Here is an evening view from our hotel room balcony.


The first night, we ate at a great down-home place high in the hills, Ristorante da Costantino, where we had a wonderful meal with awesome home-made pasta and were entertained by stories from the owner. Instead of vanilla rum, in this region, we get a cold bottle of Limoncello and frosty shot glasses.

This stuff is addicting!

We visited Amalfi the next day. I was very impressed by the Sant'Andrea Duomo


with its incredible works of art. You should absolutely not miss the museum and crypt

which supposedly contains the remains of Saint Andrew.

Pompeii next.

----------


## MIke R

you re going to love Pompei....the ruins from Vesuvious are remarkable.....I have a quiz question for you...tell me how you can figure out which building was the brothel..and there IS a way....

and the north south thing is very much alive and well...when my mother speaks her Sicilian dialect north of Naples, she is often looked upon like some kind of trailer trash freak...and Sicilian  was her first language so she is beyond fluent...no differently than some New Yorkers would react to a hard core Mississippi accent

----------


## JoshA

Mike, I am in Virginia but am organizing my pictures and recollections in stages. There is a lot of stuff to go through and yes, we loved both Pompeii and especially the brothel. Most popular exhibit it seems.

----------


## amyb

Limoncello is a darn good alternate after dinner treat!

Enjoy Pompeii-a high light. Amazing that they are still uncovering new sites there.

----------


## GramChop

mmm....stunning!  i saw my positano hotel in your photograph, josh....great memories!!

i can't wait to see pompeii through your eyes!

did you happen to make it to ravello?  villa cimbrone, by chance?

----------


## JoshA

GC: We did get to Ravello. I thought we should have stayed there. We visited Villa Rufolo (Wow!) and glanced at Cimbrone.

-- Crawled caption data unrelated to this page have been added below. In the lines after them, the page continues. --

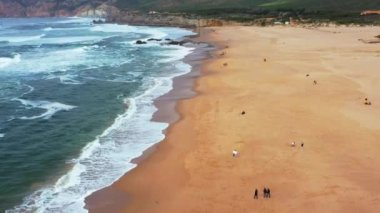 Portekiz Praia da Guincho 'da Atlantik Okyanusu sahilinde fırtınalı güneşli bir yaz günü. Güzel deniz manzarası. Kumlu sahilde hava manzarası 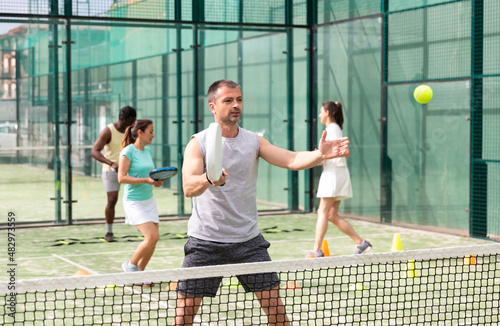 Portrait of man paddle tennis player performing basic strokes technique at court during group training © JackF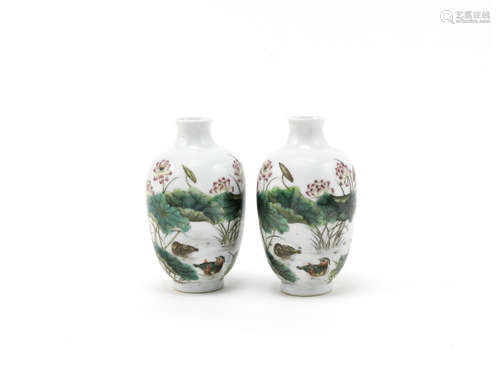 A pair of famille rose baluster vases,Qianlong seal mark, 20th century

Will get to those photos soon. Breathtaking views and gardens. Our hotel in Positano is the yellow one in the foreground of the first picture - the Marincanto. Was that yours as well?

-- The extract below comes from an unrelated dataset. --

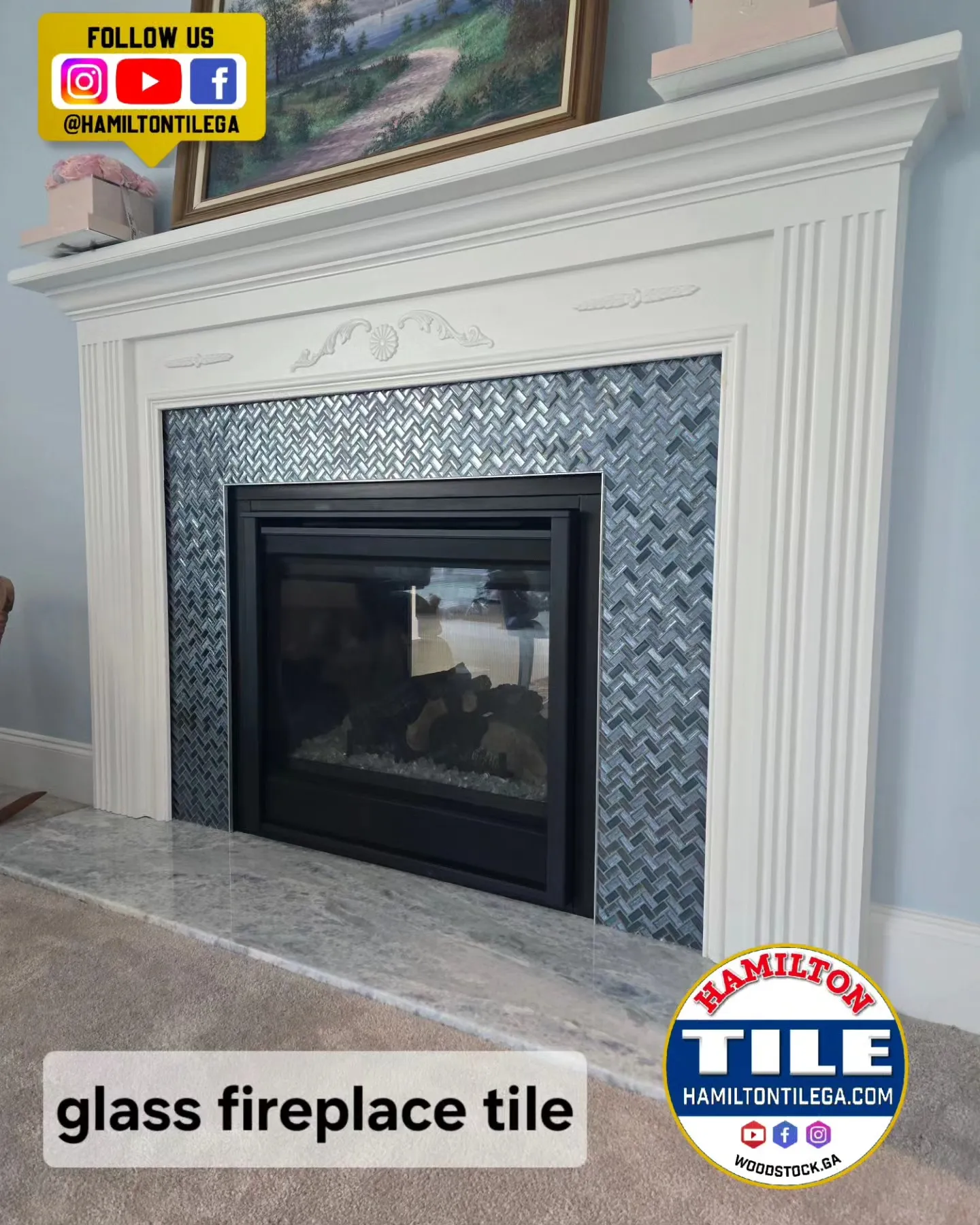 White mantel fireplace with blue glass tile surround and black insert, branded Hamilton Tile graphic overlays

Here's a better view of it from the other side of town.
 
It's kind of a high rise in levels built into the cliff. Do you see the parking lot at the top and, lower down, the pool and sun deck?

Here's how it looks from the stairway at the beach.
 

You need be in good shape to enjoy Positano! It reminded me of Santorini.

----------


## GramChop

in the second photo, upper left side, it's the red building with vines (wisteria) all around the exterior.  hotel miramare.

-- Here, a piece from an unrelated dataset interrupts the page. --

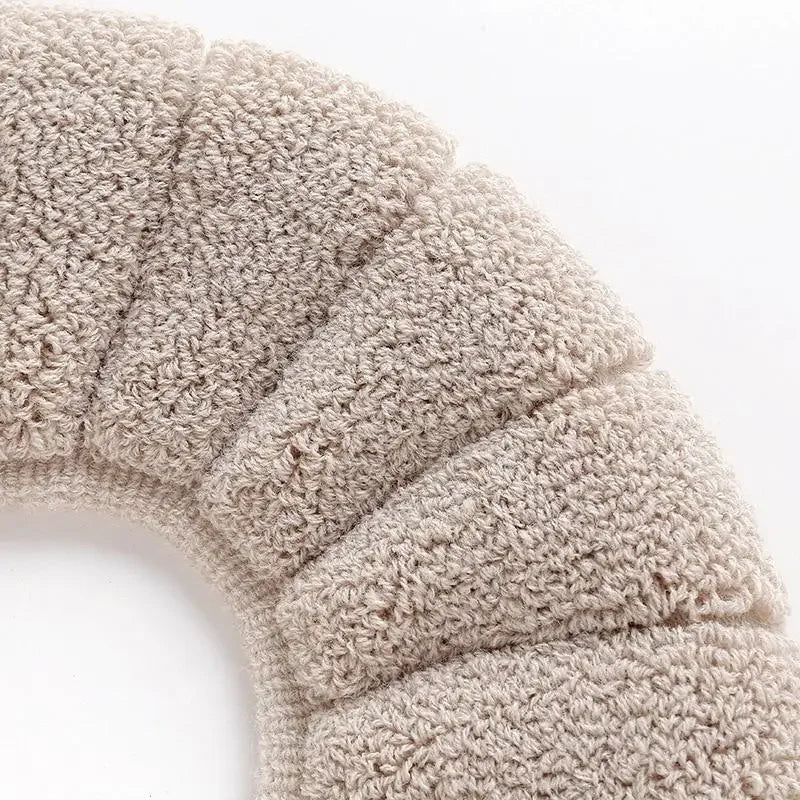 Close-up of a beige knitted soft acrylic toilet seat cover with ribbed texture.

i had one of the greatest meals in ravello at cumpo cosimo right on the square.  i was there during the ravello festival.  nothing like listening to classical music outdoors while overlooking the amalfi coast under a full moon.

the first time i was ever moved to tears by nature was when i rounded the corner in the gardens at villa cimbrone as the sun was setting and saw the view of the sea as far as the eye could see and the city of amalif down below.  all of this under a full moon!  the jasmine was blooming so the air was incredibly fragrant!  it was a magical moment!

you're right...the stairs WERE brutal, especially after several shots of limencello after dinner!!!

----------


## GramChop

here's the hotel miremare.  i lost the majority of my italy photos in the great hard drive crash of 2007, so this is all i have!  i guess i'll have to go back!

----------


## JoshA

Saturated, painterly colors are so right for your beautiful photo!

----------


## GramChop

i was trying to capture the actual dreamy experience in the photograph!

----------


## JoshA

The dreamy quality works for me, Missy.

Perhaps the most interesting thing we did was to tour Pompeii. It is amazingly well-preserved having been buried under tons of ash from an eruption of Mt. Vesuvius in 79 A.D. Here is the forum in Pompeii looking toward the mountain.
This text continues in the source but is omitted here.